It had all the makings of a trap game for the Hawks, and they played the part. Johnson, Josh Smith and Jamal Crawford each scored 13 points, but they combined to shoot 15 for 39 from the field.

The Hawks fell behind by 21 in the third quarter and scored only 14 in the fourth.

"I don't know when we all of a sudden just really became a selfish team," Johnson said. "Now everybody wants to go one-on-one. It's me, me, me. It's crazy, man."

Coach Mike Woodson called the performance "unacceptable" and was unwilling to blame it on the travel. Johnson added he's been seeing signs of trouble despite recent victories.

"Everybody who touches it wants to score," Johnson said. "I really think guys on this team don't know their roles, so it's killing us. And it's going to continue to **** us."

It was a much more joyous scene down the hallway in the Charlotte locker room. The Bobcats, who came in averaging an NBA-low 79.8 points, had reached 80 only once in their first four games -- a double-overtime contest. But this game was marked by crisp ball movement, heady passing and strong drives to the hoop.

Bell hit his first five shots, including two 3-pointers. He stayed hot in the second quarter, hitting a 3 to put Charlotte ahead 59-44.

"It was one of those nights where Raja was like, 'No way. The hell with it. I'll worry about the pain after,' " Wallace said. "He did a great job today."

Charlotte built a 77-56 lead on Bell's 3-pointer midway through the third quarter.

"Right now it aches a little bit, but when you get a good adrenaline flow going it really only hurts when it's a situational thing," Bell said.

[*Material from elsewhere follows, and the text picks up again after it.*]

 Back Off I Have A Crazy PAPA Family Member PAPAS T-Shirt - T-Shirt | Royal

Murray seemed to have an extra incentive against the Hawks. He scored seven points in the final 90 seconds of the third quarter and gave Charlotte an outside scoring threat it was desperately missing.

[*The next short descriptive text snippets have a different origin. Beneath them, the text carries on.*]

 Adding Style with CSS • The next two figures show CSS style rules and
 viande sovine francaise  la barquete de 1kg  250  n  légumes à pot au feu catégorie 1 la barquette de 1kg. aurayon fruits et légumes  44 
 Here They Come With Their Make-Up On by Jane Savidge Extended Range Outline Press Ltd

Before the game, Woodson said he would have liked to re-sign Murray, who averaged 12.2 points last season, even after acquiring Crawford.

"He said he wanted me to come there but management never said it. Management never reached out to me during the summer," Murray said. "I had fun there for the year I was there. It was unfortunate that today's game was against them when I came back."

He helped jump-start the offense, which also got improved play from Tyson Chandler. He had 10 points and 10 rebounds, including a thunderous alley-oop dunk on a feed from D.J. Augustin to open the fourth quarter and the Hawks never recovered.

Wallace had 11 points on 3-of-14 shooting, but had another big game on the glass four nights after grabbing a career-high 20 rebounds. Charlotte held a 55-35 rebounding edge.

"I can't make a shot so I might as well rebound," Wallace said.

Bobcats coach Larry Brown called the Hawks "probably the most athletic team in the league" before the game, but there were slow chasing the ball and Charlotte hit 11 of 18 3-pointers.

Atlanta was 2 of 16 from 3-point range.

"Ain't no way this team is 20-some points better than us," Johnson said. "It can't continue to go like this."